Several options to deal with racist representations in the public have already been suggested, and we believe that they offer interesting grounds for a debate on the future of this rotary.
An information board that informs on the former name-giver of a street, the new name-giver, and on the process of renaming, is a minimum one should ask for, so that passers-by can “stumble” upon and learn about the history of colonialism and decolonial processes. This is what occurred in Berlin with the former Gröbenufer (now May-Ayim-Ufer) in 2010 and more recently with Wissmannstraße (now Lucy-Lamek-Straße) in April 2021. The Foundation Prussian Palaces and Gardens has installed such an information board – a decision we welcome.

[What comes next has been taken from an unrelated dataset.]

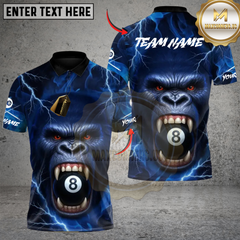 Maxcorners Billiards Gorilla 8Ball Fury Custom Name, Team Name 3D Shirt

The statue of former governor of German East-Africa Hermann von Wissmann, whose history includes its traveling from Dar es Salaam to Britain, then Hamburg and Berlin, also shows a possible trajectory for those “signs of the potentate” (Mbembe): when reframed in the context of critical exhibitions on the colonial era, these installations are not cancelled but actively participate in an effort to work through difficult pasts and address traces of institutional in the urban landscape, as was done when Wissmann was displayed lying and full of paint in the temporary exhibition on German colonialism in the German Historical Museum in 2015-2016. The four busts of Africans could follow the toppled Wissmann and travel away from Sanssouci to serve as witnesses of the history of racism, exoticism, and the transatlantic trade of enslaved Africans in future exhibitions.

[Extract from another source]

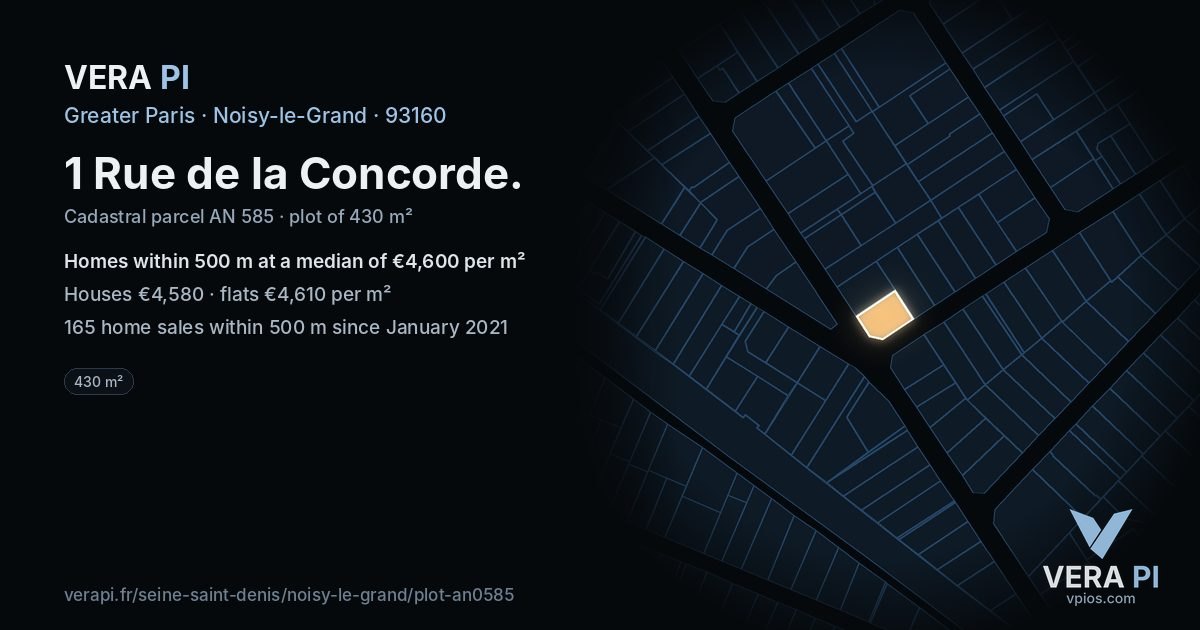 1 Rue de la Concorde, Noisy-le-Grand at night – the plot lit, the parcels around coloured by the prices near them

In Bristol, a week after the toppling of Edward Colston, the artist Marc Quinn opportunistically occupied the plinth with his artwork A Surge of Power, a statue of #BLM activist Jen Reid who had stood on this plinth with a raised fist a week before. Quinn declared that this statue was “not a permanent artwork,” organised a press conference with Jen Reid herself, and thereby displayed to some extent a self-reflexive behaviour that earned him the status of an “ally” to the #BLM movement in the words of Booker prize winner Bernardine Evaristo. Yet, this intervention by a wealthy London-based white male artist in a Black-led-movement has also been criticized as capitalizing on the political moment for one’s prestige. Even if it proposed a change in perspective in representations and sparked a debate on the possible futures for the square and the adjacent Colston Avenue, Quinn’s intervention revealed the danger of seeming solidarity. It showed how the issue of representation goes beyond the question of who is represented; it is also about who has the decision-making power, who has the sovereignty of interpretation and who benefits from such political movements.

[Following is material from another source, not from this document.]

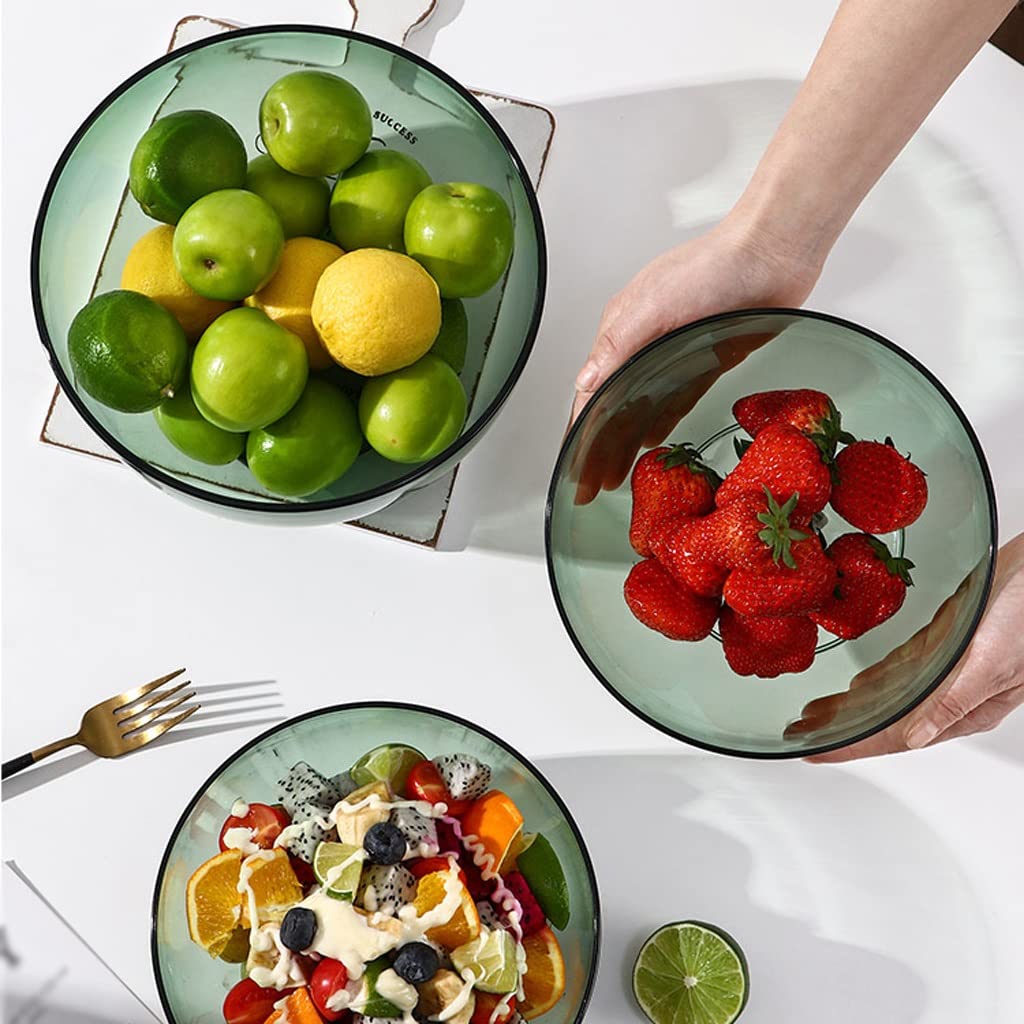 ULTRAWAVE Bols pour la Cuisine Bol en Plastique Bol à Salade Bol à Salade d'intérieur en Plastique Bol d'assaisonnement jus Couverts Vaisselle Bol coloré Transparent Saladier(B,S)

On the other side of the Atlantic, the Theodore Roosevelt monument in New York still stands with its unambiguous colonial-racist hierarchy. This has been a daily sight for New Yorkers and landmarks for tourists for 80 years. Last year, artist Daniela Ortiz was asked by the city council to make a proposal for a new monument replacing this shameless display of white supremacy. In her sketch for a new monument, she removed the white male character from the installation and displayed the Indigenous American character, the Black character and the horse “resting”. In her words, they are having some well-deserved “leisure time after the struggle”, sitting on a plinth whose four sides remember different anti-colonial movements.
In a similar vein, the Foundation Prussian Palaces and Gardens could publish a call for proposals for a new artistic installation in lieu of (or even with) the four busts of Africans of the rotary. Many African contemporary artists or artistic collectives have already engaged with the history of enslavement (see Kardux, “Monuments of the Black Atlantic”). An installation that addresses this history would be more than welcome in this imperial park.